LevelDBError: IO error: lock umls_data/cui-semtypes.db/cui.leveldb/LOCK: already held by process #35

Closed yzhaoinuw closed 5 years ago

yzhaoinuw commented 5 years ago

Hi, I set up the QuickUMLS 1.2.6 release successfully. I wrote a code called "run_test.py" in the same directory where the QuickUMLS content is. I first run the following section of run_test.py to make sure that everything works so far ('umls_data' is the folder where I put MRCONSO.REF, MRSTY.REF and other UMLS tables.): " from quickumls import QuickUMLS

parser = QuickUMLS('umls_data') " I got "[nltk_data] Downloading package stopwords to /home/yue/nltk_data... [nltk_data] Unzipping corpora/stopwords.zip." and nothing more. So I assumed that I had set up QuickUMLS correctly. Then I added three more lines to run_test.py. Now it looks like this: " from quickumls import QuickUMLS

parser = QuickUMLS('umls_data')

text = "The ulna has dislocated posteriorly from the trochlea of the humerus." results = parser.match(text, best_match=True, ignore_syntax=False) print (results) " However after I ran it, I got "LevelDBError: IO error: lock umls_data/cui-semtypes.db/cui.leveldb/LOCK: already held by process".

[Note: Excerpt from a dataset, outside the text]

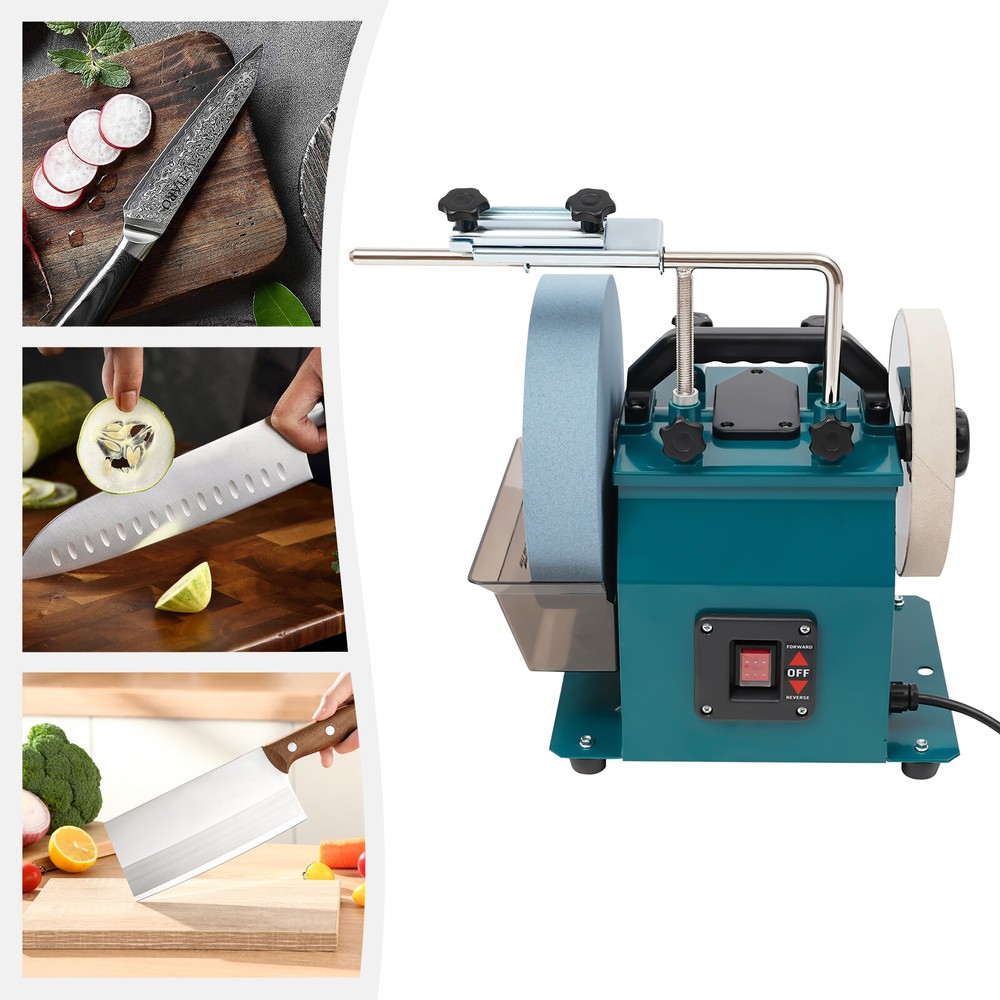 Electric Knife Sharpener Water-cooled Grinding Device &10" Sharpening Stone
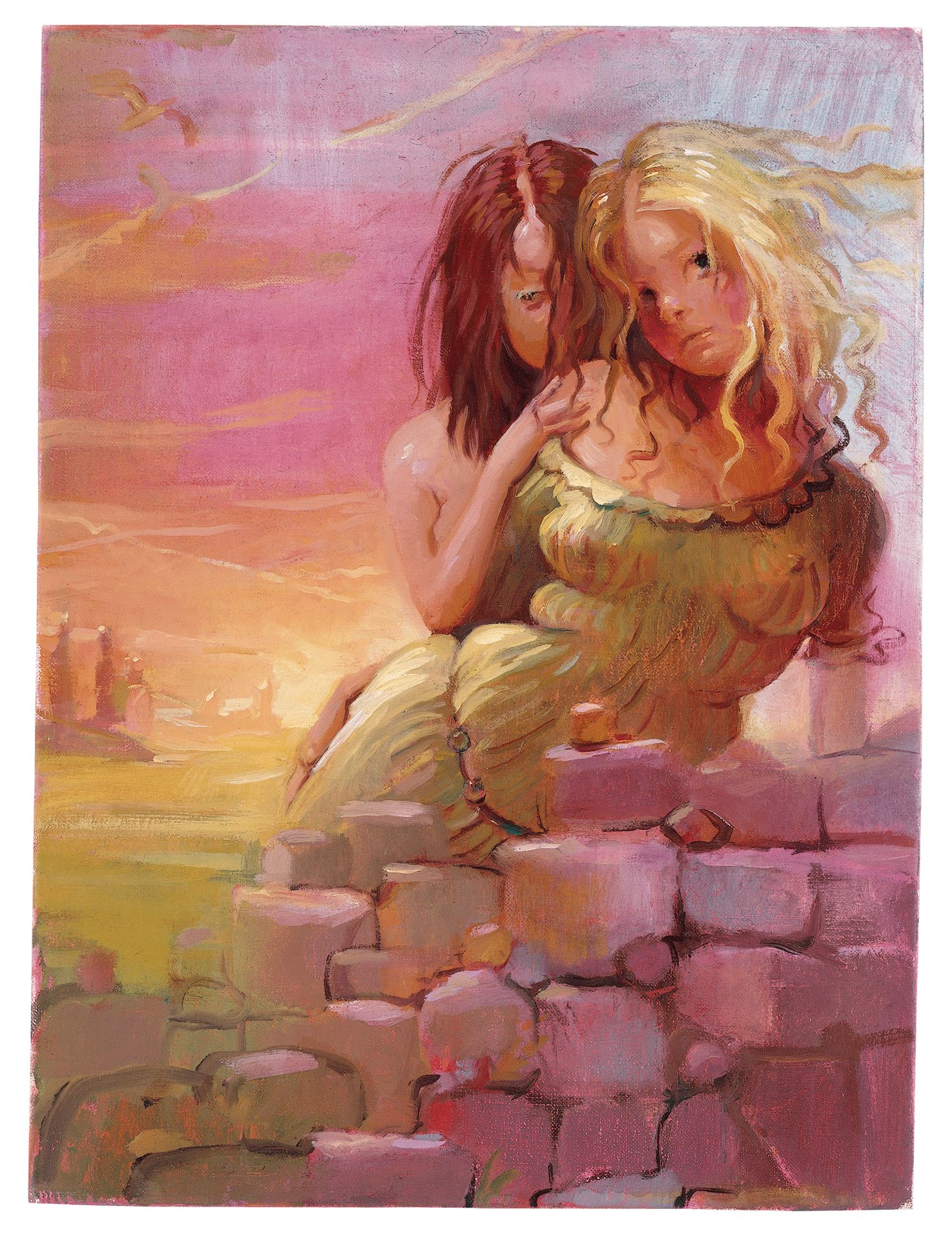 A painting by Lisa Yuskavage, titled Forces, dated 2006.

The full error message is: "Traceback (most recent call last):

File "", line 1, in runfile('/home/yue/python_projects/QuickUMLS/run_test.py', wdir='/home/yue/python_projects/QuickUMLS')

File "/home/yue/anaconda3/lib/python3.7/site-packages/spyder_kernels/customize/spydercustomize.py", line 704, in runfile execfile(filename, namespace)

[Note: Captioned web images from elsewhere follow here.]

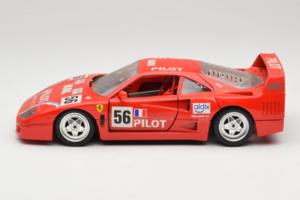 Ferrari F40 #56 Pilot Rosso 1987 Bburago 1:18 3332-P2 Pressofusione — immagine 4 di 8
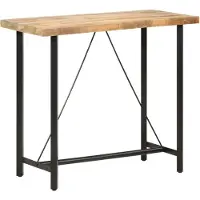 Prolenta Maison Exclusive - Bartafel, 120x58x107 cm, ruw mangohout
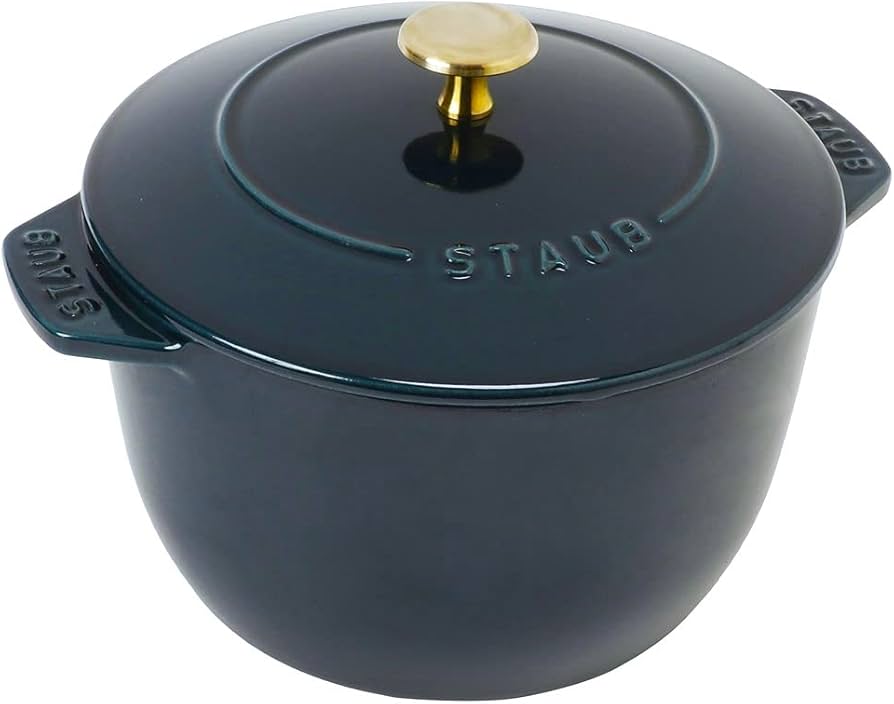 Amazon｜staub ストウブ 「 ラ ココット de GOHAN ラメール L 20cm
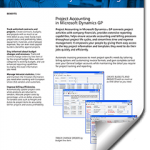 Microsoft Dynamics GP Project Accounting Made Simple In Dynamics GP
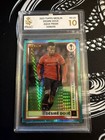 2022-23 Tops Merlin Desire Doue RC Rookie Aqua Prism Graded 10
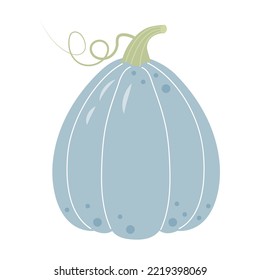Calabaza de boho pastel aislada en el fondo blanco. Día de Acción de Gracias, Festival de la Cosecha, símbolo de Halloween.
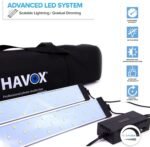 HAVOX - Photo Studio HPB-40XD - Portable light box with four tilting LED strips - 40x40x40cm lightbox - 5500K illumination - 26,000 lumens - Anti-glare system - Imagen 7
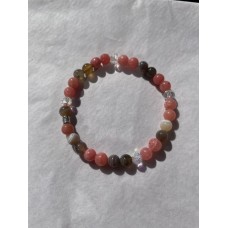 Rhodocrosite et agate du Botswana 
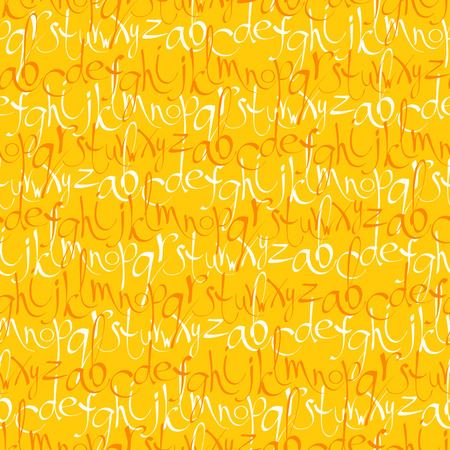 Vector seamless pattern with hand drawn decorative lettersのイラスト素材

File "/home/yue/anaconda3/lib/python3.7/site-packages/spyder_kernels/customize/spydercustomize.py", line 108, in execfile exec(compile(f.read(), filename, 'exec'), namespace)

File "/home/yue/python_projects/QuickUMLS/run_test.py", line 11, in parser = QuickUMLS('umls_data')

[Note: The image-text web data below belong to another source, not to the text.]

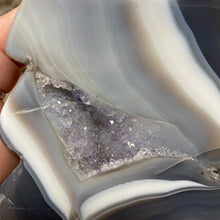 Load image into Gallery viewer, Druzy Agate with Amethyst Tree #02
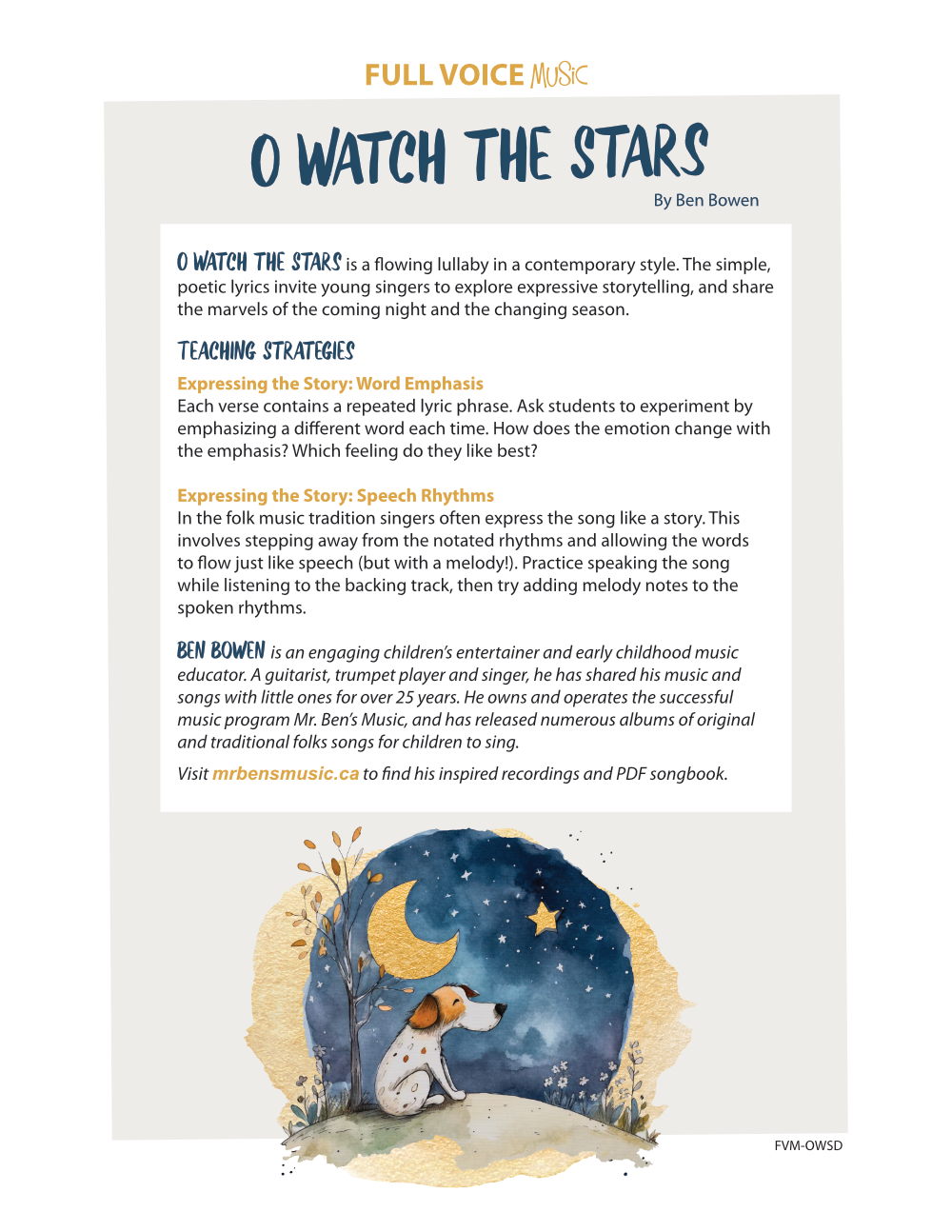 O Watch the Stars by Ben Bowen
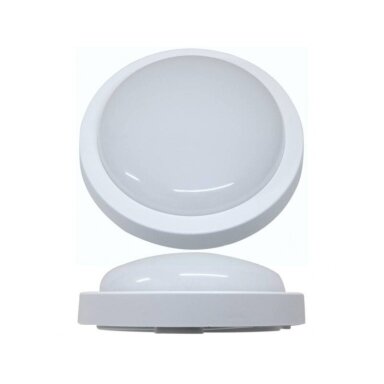 LED šviestuvas 15W, 4000K, 1490LM, IP54, apvalus baltas, SPECTORLIGHT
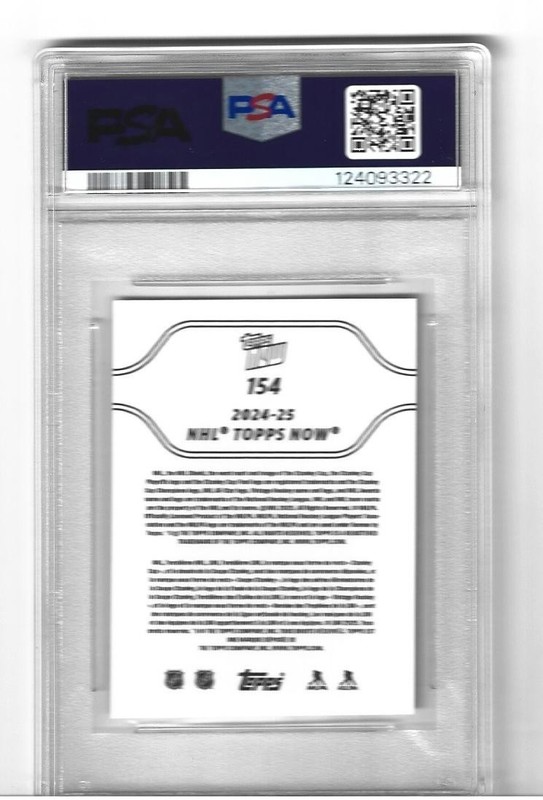 2024-25 Alex Ovechkin NHL Topps Now Card Breaks Gretzky's Record #154 PSA 10 view 2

File "/home/yue/python_projects/QuickUMLS/quickumls.py", line 103, in init self.cuisem_db = toolbox.CuiSemTypesDB(cuisem_fp)

File "/home/yue/python_projects/QuickUMLS/toolbox.py", line 227, in init os.path.join(path, 'cui.leveldb'))

LevelDBError: IO error: lock umls_data/cui-semtypes.db/cui.leveldb/LOCK: already held by process"

Does anyone know what happened here?

soldni commented 5 years ago

It looks like QuickUMLS did not shut correctly when you first killed your script. Just delete lock umls_data/cui-semtypes.db/cui.leveldb/LOCK to get it back running.

-Luca

GregSilverman commented 5 years ago

Hi, I'm running in to this when trying to iterate through the various similarity_names and overlapping_criteria. (I'd also like to add in all combos of best_match and ignore_syntax, too for when I run the match method)

After the first pass, the error gets thrown.

My use case is pretty simple (I want to write all models to a dataframe for later processing). My proposed code is:

similarity = ['dice', 'cosine', 'overlap', 'jaccard']
overlapping_criteria = ['score', 'length']

for s in similarity:
    for o in overlapping_criteria:
        matcher = QuickUMLS(quickumls_fp=quickumls_fp, overlapping_criteria, threshold=0.7, window=5, similarity_name=s)
        test = pd.DataFrame()
        for fname in glob.glob(directory_to_parse + '*.txt'):
            t = os.path.basename(fname)
            u = t.split('.')[0]
            with open(directory_to_parse + u + '.txt') as f:
                f1 = f.read()
                out = matcher.match(f1, best_match=True, ignore_syntax=False)
                for i in out:
                    i[0]['file'] = u
                    frames = [ test, pd.DataFrame(i[0], index = [0]) ]
                    test = pd.concat(frames, ignore_index=True)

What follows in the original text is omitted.